Now, we want to reduce the range of our values, so we might naively divide our values by whatever "squashing" constant we want. This kind of works, but causes all of our details in the image to become much less sharp. One trick that normal HDR programs do is to separate low frequencies (which you can get by blurring the luminance) from high frequencies (subtract the blurred luminance from total luminance), and only squash the low frequencies. This works fine for landscape HDRs and the like, but take a look at the tone curve of the logarithm of the luminance:

It's a bit hard to see, but the two little tick marks at the bottom are at the values -1 and 0. This means the vast majority of pixels are at an acceptable value below 0. All we need to do is move all of the pixels above 0 to slightly under 0. I just fiddled with mathematical functions until finding something I liked:

We apply this function to all the luminance values, and then we add the high frequency of the luminance times some small constant to make sure we don't lose details. Technically this means some pixel values might once again be greater than 0, but if that's the case we just make them fully white. There weren't enough of those to be an issue.

Finally, we recombine with chrominance.

Regamma

This time, we raise everything by a power of 1/2.2.
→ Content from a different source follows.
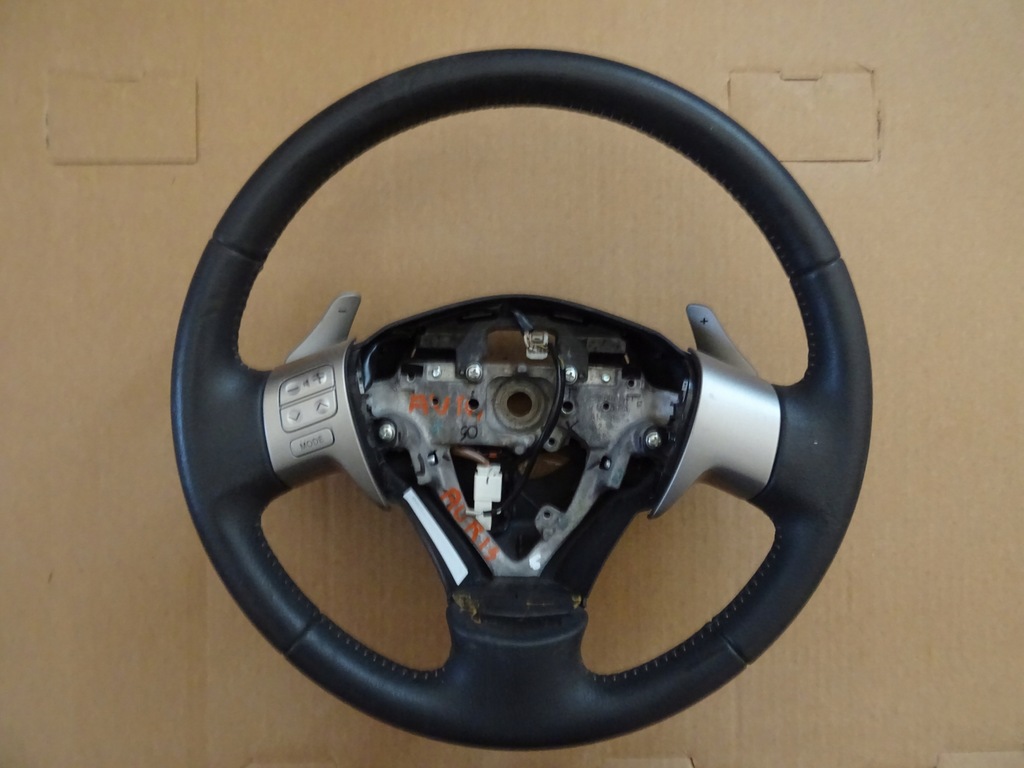 фото №1, Toyota auris i повітропровід пелюстки перемикання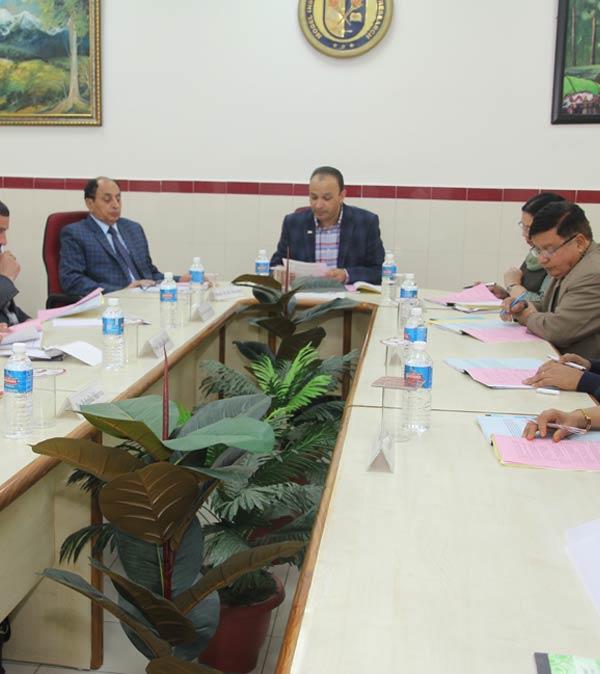 Academic Council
And a final homography to align the doorway with the frame:

Other Remarks

Some people online say you need an odd number of photos to do HDR, and that the "middle" photo (in terms of exposure) needs to be the one that captures the bulk of the scene, the midtones, etc. Just from thinking about the process we did to perform HDR, this is clearly false. This approach would work just as well with any number (greater than 1) of photos, and the important thing is that you have at least one shot with the correct exposure for each part of the image that you want to be visible in the final HDR composite. If you want to leave the shadows shadowy, there's no need to take a high exposure shot, for example. The one thing you do need to be careful about is that there needs to be enough overlap between different exposure levels that you are able to get smooth transitions between dark and light areas, and in the case where you are not shooting in RAW, that you can calculate the exposure ratios between images in the first place.
Image alignment was a pain because I had to write down all of the pixel coordinates that I wanted in each image. It would be nice to have a feature where I can zoom in to each shot and pick some points and it does all the writing down of pixel values and then the homography for me. I wish Luminance HDR had something like this, instead of their auto alignment tool that only half works (though I can't complain, it is free and open source, and I tried writing a better algorithm without success.).
Most of my problems came from the fact that the pictures weren't properly aligned. If you want to make HDR photos but only have a low quality phone camera, I cannot recommend enough to at least prop it on something. When my friend was taking the photos, they already knew how difficult it would be to realign them, and yet they had the hubris to think they could hold my phone steady enough.